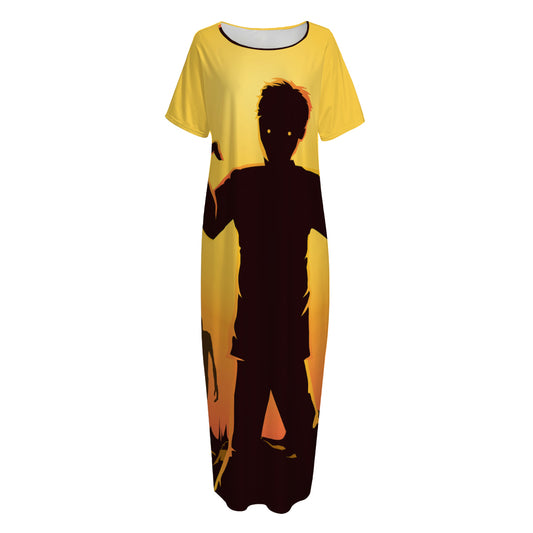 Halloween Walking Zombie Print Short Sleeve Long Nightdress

========

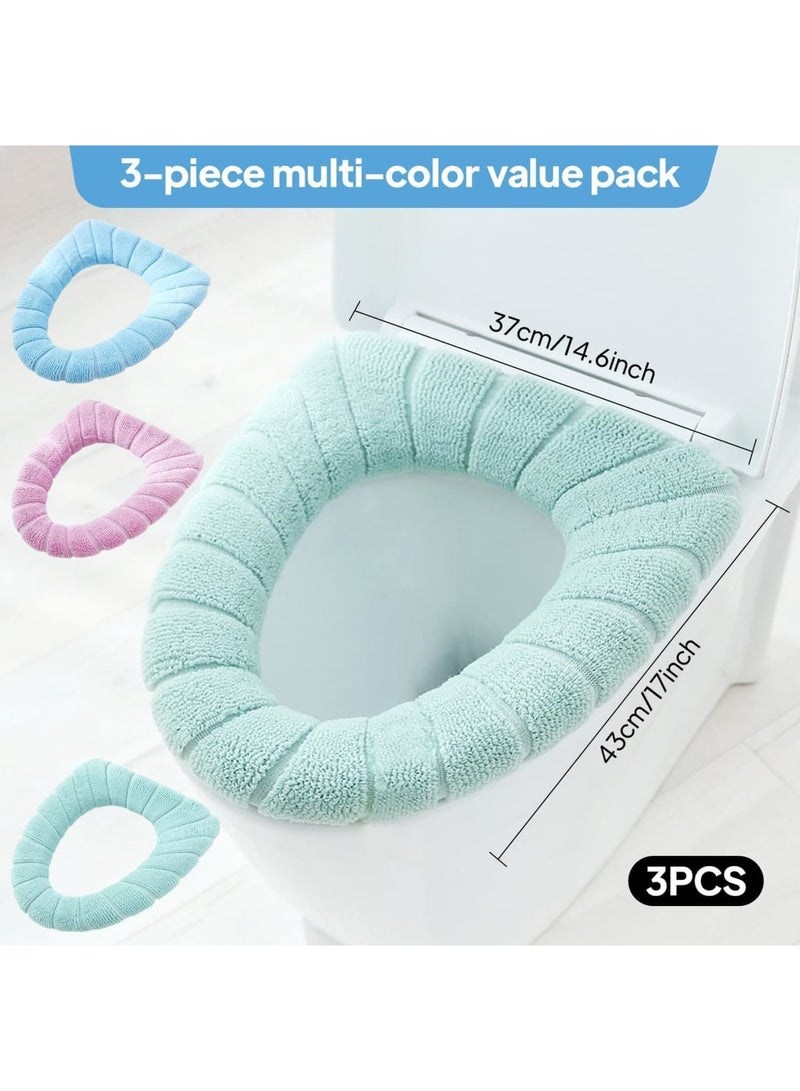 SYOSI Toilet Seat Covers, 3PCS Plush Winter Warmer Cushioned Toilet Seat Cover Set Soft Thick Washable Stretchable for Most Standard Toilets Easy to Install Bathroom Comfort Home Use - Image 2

========

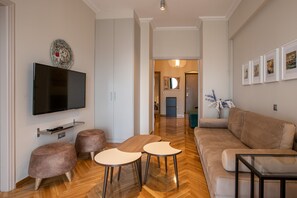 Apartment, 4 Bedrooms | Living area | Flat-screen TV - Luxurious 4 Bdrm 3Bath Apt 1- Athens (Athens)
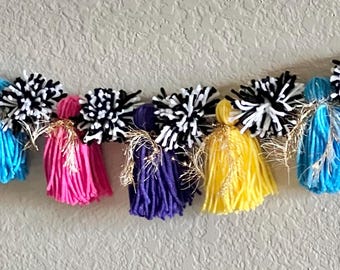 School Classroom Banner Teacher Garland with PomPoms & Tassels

========

## Problem to solve
Set the pictures aside and reproduce exactly the lines above, from the line holding "Apartment, 4 Bedrooms" through the line holding "School Classroom Banner", both included, with nothing else.

## Answer box
 Apartment, 4 Bedrooms | Living area | Flat-screen TV - Luxurious 4 Bdrm 3Bath Apt 1- Athens (Athens)
 School Classroom Banner Teacher Garland with PomPoms & Tassels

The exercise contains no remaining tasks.